The only other reliable, sustainable and environmentally benign technology is via process heat production by nuclear High Temperature Reactors. The market has promised these inherently safe reactors to be mature within one decade. This sounds credible.
Even chemical processes required for cheap hydrogen production are available and based on well known chemistry. Electrolysis is not necessarily the best process due to its inefficiency. For improved efficiency the chemical processes need HTR’s producing heat only.

A period of 10 to 15 years to switch from oil and gas economy to the hydrogen economy is sufficient for heating purposes.

Since the small counties do not produce in most cases their own cars or have their own oil refineries for gasoline production, they are totally dependent on the global market for incorporating energy consumption for transportation into their own hydrogen economy conversion program. And this conversion will take more time than the replacement of oil/gas by hydrogen.

At the end of the first conversion period, the countries following this path and creating partly an hydrogen economy will certainly have spent a lot of money.

But what will they gain?

  1. An enormous impetus onto their economy of manufacturing and installing fuel cells and development programs as well.

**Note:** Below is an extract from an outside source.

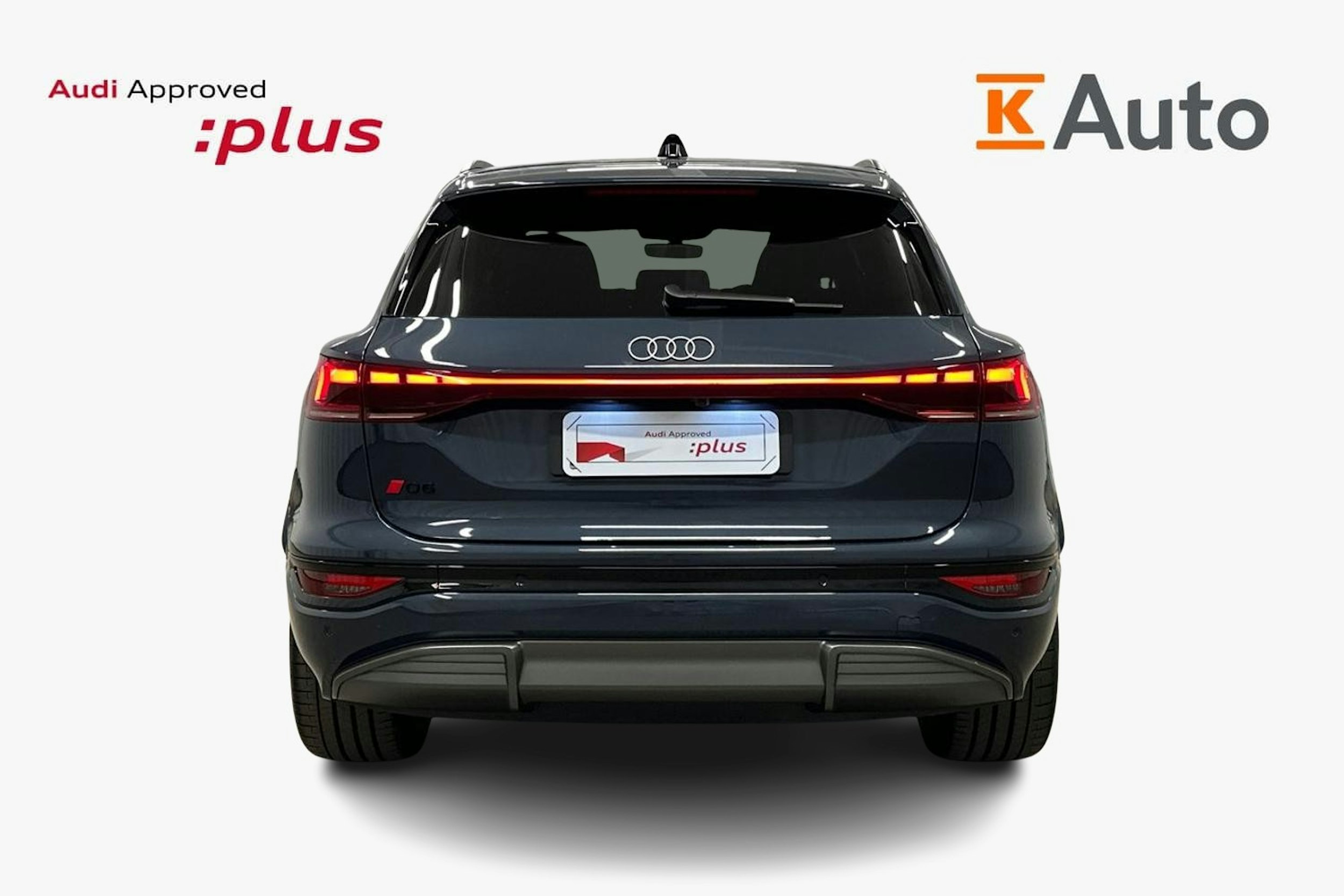 sininen Audi Q6 e-tron 2024 kuva 3.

  2. Substitution of oil/gas by hydrogen for heating purposes

  3. Production prices for the energy carrier hydrogen below those for oil and gas in the future

  4. A considerable part of energy consumption has become environmentally benign

  5. A knowledge base with a head start marketable to the late arrivers

  6. Meeting Kyoto Protocol’s commitments

  7. Improving acceptance of nuclear energy

The investors and financial side of the story

The three different technological areas for the transition to hydrogen economy in the heating energy sector will need three different financing models.

As far as the fuel cell technology is concerned, incentives are necessary to find investors. Stationary fuel cells are not as cheap as oil heated boilers on the market. Therefore, initially low interest rate credits should be granted and investment costs should be partially subsidized by the government.

The consumption of H2 has to be subsidized, too, by public hand. The principle should be that the difference between H2 and oil/gas should be off-set by the government. In order to keep the management of this kind of financing easy, it can be regulated via the amount of electricity produced by the fuel cells and fed into the grid.

As far as H2 transportation and storage is concerned, further developments of the metal hydrate storage technology applicable for transportation and storage should be carried out by government funded research institutions and university, in the countries which have already started developing this technology. When maturity is achieved, there will be sufficient entrepreneurs investing in the H2-bowser fleet as well as into the stationary H2-storages.

Other countries with no own development program in this area have to wait until the metal hydrate storage technology is on the market.

For the remaining third technology area, hydrogen production, there is no financing model needed because the HTRs and chemical high temperature hydrogen production are well proven technologies. Their combination does not impose financing problems onto the booster and transition program for the hydrogen economy.

If the country has already nuclear power capacities, it will remarkably facilitate and accelerate the transition to hydrogen economy. Indeed the knowledge of how to operate nuclear reactors exists already and nuclear technology is already accepted.